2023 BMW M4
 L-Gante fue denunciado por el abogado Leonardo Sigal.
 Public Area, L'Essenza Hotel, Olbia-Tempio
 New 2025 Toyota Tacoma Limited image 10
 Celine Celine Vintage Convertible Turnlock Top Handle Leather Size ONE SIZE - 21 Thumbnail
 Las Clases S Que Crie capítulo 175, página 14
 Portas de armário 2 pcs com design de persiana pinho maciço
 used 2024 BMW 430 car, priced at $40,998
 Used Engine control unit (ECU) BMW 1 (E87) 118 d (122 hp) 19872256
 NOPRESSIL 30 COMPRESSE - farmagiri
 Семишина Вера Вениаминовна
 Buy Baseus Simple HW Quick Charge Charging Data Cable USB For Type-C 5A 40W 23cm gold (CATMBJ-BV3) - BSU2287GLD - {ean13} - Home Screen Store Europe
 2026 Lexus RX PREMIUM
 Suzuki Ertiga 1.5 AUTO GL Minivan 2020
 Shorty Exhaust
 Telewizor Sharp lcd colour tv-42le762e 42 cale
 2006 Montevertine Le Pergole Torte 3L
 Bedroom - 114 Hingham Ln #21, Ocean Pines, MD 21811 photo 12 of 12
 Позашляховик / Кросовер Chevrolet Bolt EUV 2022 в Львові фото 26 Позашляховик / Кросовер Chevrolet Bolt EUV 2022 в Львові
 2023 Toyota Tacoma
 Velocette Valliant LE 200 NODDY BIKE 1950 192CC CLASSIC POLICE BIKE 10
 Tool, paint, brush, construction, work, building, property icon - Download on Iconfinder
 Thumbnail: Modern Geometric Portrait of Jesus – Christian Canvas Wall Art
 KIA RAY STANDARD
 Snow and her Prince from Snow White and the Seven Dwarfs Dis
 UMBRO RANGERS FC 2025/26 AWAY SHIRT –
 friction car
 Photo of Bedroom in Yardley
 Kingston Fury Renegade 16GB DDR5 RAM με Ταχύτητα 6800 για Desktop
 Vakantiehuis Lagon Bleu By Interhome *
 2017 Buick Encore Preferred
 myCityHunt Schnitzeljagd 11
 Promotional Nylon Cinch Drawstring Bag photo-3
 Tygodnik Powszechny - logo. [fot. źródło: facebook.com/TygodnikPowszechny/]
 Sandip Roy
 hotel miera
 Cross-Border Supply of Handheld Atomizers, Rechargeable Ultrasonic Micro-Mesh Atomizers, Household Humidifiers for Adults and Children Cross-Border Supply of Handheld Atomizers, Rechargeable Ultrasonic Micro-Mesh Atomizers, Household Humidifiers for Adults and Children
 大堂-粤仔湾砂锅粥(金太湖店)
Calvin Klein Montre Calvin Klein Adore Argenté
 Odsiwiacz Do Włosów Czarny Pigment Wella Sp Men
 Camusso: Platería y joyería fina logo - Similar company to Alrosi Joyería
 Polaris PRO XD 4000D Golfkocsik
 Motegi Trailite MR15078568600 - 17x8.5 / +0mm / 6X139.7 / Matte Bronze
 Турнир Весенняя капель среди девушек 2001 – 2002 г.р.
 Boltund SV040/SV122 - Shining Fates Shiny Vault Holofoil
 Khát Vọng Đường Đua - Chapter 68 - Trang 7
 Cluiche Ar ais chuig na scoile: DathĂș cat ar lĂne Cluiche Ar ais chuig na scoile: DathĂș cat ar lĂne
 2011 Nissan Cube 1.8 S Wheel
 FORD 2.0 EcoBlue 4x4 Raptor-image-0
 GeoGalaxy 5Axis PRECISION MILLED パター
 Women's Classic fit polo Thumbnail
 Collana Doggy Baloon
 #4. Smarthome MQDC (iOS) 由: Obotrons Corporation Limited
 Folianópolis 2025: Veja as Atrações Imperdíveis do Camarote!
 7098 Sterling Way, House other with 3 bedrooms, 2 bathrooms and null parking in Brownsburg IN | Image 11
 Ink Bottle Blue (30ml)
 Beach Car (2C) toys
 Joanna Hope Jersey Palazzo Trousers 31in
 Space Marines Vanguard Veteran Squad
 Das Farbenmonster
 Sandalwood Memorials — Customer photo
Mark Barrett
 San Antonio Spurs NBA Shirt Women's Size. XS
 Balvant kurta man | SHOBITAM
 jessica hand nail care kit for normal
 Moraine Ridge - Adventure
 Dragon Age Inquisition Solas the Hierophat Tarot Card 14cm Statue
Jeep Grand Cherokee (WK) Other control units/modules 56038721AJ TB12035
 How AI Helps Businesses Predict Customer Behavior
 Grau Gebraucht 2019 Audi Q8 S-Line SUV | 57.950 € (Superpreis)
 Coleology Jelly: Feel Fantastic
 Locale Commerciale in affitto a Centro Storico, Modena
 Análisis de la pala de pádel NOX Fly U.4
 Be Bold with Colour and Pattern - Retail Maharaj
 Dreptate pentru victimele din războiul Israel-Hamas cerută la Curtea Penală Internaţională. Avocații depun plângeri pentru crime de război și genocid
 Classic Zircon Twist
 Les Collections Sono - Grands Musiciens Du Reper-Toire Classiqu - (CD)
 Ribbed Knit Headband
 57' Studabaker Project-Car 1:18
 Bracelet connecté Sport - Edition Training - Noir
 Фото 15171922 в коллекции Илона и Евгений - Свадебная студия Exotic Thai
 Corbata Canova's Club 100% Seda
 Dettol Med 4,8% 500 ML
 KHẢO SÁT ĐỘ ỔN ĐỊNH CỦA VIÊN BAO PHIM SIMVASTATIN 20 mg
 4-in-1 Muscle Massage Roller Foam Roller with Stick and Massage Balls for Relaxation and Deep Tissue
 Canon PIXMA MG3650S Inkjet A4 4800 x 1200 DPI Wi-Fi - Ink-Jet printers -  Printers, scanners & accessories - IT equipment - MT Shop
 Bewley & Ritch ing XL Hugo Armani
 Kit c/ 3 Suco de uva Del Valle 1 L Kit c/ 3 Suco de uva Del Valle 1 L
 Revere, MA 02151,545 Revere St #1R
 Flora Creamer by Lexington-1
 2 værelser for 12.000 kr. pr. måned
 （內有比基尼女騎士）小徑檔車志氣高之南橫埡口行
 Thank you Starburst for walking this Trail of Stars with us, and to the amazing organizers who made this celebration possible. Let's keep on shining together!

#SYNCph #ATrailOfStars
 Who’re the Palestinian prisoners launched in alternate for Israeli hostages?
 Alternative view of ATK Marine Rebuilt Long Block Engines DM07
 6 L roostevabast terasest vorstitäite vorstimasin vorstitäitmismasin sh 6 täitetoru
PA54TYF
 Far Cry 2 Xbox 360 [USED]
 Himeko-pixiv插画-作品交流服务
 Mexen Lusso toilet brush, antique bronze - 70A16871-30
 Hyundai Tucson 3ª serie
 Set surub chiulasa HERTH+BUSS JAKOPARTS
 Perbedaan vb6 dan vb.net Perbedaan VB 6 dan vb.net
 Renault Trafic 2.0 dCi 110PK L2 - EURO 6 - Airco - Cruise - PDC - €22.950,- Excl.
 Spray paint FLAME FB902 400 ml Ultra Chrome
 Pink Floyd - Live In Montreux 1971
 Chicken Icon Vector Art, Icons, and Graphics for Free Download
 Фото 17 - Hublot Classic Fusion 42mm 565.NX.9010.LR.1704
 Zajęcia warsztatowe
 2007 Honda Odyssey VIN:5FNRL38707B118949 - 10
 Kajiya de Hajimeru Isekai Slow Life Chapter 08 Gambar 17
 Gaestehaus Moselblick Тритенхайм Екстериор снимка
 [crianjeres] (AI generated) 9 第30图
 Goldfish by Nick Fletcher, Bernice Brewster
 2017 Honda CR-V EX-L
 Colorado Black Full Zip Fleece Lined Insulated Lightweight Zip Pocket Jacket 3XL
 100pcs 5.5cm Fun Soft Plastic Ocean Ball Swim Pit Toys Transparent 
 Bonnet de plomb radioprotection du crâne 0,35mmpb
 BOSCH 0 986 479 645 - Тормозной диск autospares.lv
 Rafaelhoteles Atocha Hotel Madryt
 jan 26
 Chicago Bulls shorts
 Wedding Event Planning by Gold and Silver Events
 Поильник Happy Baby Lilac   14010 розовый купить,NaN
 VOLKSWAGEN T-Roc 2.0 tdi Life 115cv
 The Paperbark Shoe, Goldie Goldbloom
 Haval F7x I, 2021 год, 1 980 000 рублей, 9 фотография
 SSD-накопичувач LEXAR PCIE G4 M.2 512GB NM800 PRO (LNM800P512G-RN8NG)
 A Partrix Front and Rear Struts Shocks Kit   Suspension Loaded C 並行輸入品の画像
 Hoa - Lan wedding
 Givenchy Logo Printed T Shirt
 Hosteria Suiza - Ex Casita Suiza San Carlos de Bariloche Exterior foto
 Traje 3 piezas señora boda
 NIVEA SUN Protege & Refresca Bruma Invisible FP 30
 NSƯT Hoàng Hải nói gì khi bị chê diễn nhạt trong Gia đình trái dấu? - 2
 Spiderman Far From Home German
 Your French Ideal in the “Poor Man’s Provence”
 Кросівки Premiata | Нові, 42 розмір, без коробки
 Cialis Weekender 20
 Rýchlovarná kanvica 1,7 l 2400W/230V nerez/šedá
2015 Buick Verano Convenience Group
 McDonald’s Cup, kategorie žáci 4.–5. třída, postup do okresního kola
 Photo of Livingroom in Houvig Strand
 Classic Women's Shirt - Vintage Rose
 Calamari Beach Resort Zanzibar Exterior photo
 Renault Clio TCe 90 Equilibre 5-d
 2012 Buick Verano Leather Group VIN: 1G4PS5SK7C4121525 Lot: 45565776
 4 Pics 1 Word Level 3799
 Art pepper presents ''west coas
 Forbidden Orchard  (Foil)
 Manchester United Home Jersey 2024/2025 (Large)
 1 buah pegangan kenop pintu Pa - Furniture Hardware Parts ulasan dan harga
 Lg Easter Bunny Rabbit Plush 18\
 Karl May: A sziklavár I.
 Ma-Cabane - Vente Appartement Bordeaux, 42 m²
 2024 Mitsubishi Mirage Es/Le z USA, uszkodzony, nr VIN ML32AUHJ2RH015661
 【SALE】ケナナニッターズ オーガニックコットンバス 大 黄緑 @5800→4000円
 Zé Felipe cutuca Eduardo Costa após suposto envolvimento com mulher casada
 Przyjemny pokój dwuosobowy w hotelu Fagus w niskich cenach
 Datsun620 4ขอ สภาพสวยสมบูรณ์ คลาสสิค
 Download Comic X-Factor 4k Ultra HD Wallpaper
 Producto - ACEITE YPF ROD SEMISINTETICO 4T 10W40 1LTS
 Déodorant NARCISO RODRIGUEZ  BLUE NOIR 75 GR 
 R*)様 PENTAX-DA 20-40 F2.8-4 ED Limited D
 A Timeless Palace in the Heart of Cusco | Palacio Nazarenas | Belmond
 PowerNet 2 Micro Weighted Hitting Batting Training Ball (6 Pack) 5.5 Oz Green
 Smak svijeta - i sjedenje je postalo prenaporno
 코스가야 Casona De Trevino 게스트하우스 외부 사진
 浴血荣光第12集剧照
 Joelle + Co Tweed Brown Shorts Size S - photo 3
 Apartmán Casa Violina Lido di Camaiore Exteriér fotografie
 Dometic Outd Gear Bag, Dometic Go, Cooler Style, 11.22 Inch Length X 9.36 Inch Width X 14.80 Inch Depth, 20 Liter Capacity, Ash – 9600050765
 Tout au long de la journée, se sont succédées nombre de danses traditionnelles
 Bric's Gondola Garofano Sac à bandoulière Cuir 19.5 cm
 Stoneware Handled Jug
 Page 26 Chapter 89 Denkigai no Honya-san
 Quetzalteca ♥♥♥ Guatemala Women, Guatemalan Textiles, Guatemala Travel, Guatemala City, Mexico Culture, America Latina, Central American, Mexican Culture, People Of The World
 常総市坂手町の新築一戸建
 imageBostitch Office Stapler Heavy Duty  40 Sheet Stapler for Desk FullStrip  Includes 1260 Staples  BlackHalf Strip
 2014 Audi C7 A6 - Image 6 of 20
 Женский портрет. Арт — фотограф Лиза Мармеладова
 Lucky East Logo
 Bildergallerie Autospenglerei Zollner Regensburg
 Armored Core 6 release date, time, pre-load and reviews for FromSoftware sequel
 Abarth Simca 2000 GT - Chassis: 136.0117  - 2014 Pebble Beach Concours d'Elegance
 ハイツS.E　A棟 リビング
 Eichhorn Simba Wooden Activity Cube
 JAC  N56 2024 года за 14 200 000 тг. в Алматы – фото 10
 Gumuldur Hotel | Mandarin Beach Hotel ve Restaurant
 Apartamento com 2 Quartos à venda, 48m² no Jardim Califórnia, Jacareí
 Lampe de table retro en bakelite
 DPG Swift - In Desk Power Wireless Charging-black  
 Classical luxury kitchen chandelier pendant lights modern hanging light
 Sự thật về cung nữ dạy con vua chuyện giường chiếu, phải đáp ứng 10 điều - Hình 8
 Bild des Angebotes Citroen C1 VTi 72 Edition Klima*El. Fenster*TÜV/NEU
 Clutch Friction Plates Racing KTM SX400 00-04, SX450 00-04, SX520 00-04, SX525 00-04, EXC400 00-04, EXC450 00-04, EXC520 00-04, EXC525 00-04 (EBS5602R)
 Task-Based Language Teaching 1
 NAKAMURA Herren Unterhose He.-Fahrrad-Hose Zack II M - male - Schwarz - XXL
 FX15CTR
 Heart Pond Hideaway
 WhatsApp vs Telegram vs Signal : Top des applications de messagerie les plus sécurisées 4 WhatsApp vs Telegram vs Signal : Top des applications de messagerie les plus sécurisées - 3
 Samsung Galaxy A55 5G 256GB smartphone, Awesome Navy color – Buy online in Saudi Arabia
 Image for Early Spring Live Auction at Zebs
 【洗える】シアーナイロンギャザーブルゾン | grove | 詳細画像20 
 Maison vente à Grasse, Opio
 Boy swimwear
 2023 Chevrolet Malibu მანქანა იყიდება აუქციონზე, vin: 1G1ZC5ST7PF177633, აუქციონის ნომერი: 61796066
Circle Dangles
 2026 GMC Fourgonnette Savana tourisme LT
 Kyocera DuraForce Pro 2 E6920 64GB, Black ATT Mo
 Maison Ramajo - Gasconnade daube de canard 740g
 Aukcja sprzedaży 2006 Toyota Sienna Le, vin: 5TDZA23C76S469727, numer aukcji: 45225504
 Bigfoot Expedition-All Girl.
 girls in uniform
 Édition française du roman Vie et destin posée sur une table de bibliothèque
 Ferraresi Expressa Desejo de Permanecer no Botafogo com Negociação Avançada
# # # # # # #
Your task is to gather all lines from the entries above that hold the word "Customer".

 Sandalwood Memorials — Customer photo
 How AI Helps Businesses Predict Customer Behavior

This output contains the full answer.